__Exercise instructions__:
Below are entries with pictures in them. Output exactly the lines starting at the line with "Phong độ của Real Salt Lake" and ending at the line with "程力灑水車(chē)配件功能詳解，你了解多少?", both included, but not the pictures.

__Working data__:
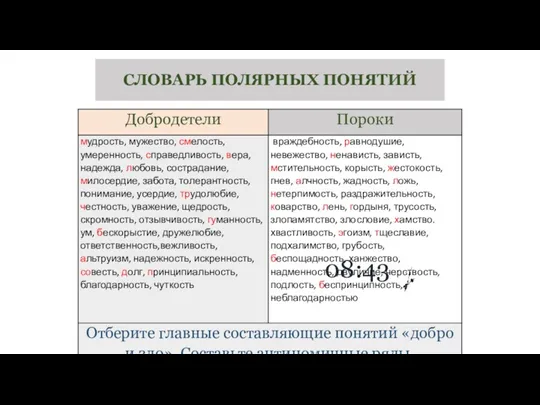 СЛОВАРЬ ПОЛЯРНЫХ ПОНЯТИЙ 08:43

...

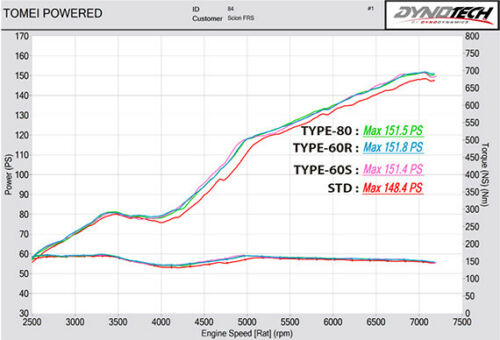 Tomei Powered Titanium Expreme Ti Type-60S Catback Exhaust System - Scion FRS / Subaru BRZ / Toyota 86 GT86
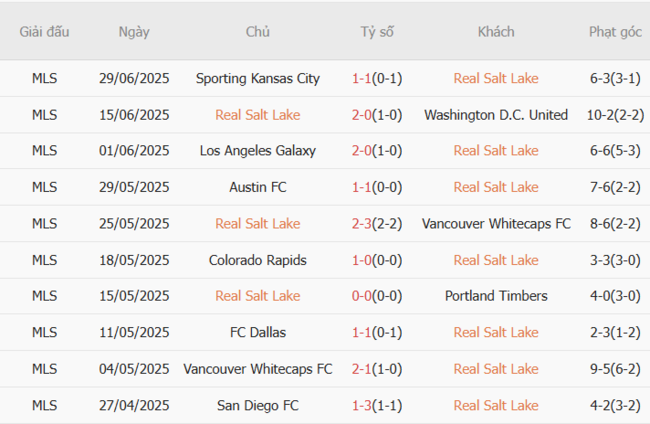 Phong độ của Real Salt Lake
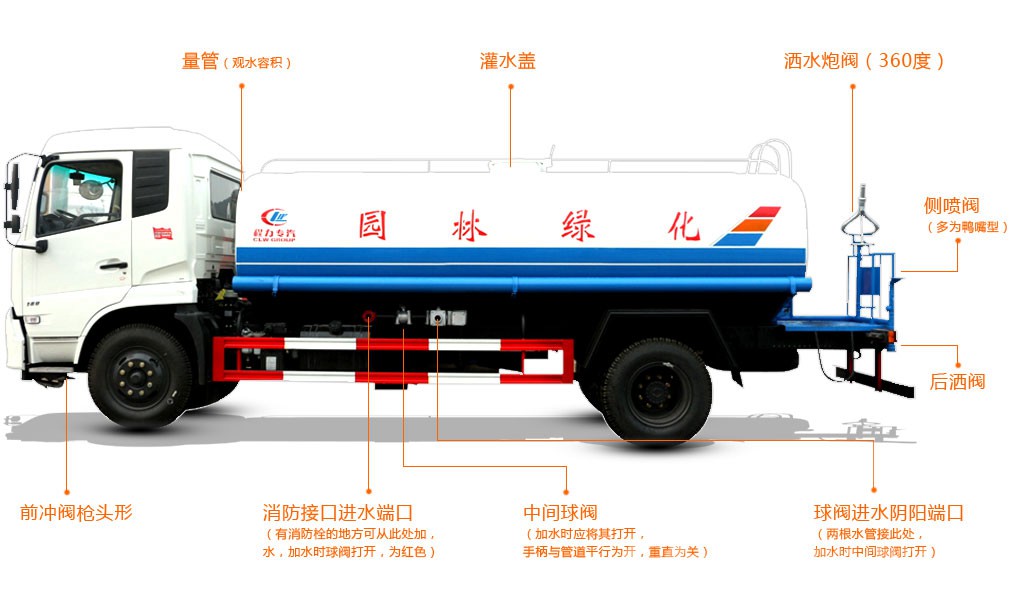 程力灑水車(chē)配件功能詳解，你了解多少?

__Exercise output__:
 Phong độ của Real Salt Lake
 程力灑水車(chē)配件功能詳解，你了解多少?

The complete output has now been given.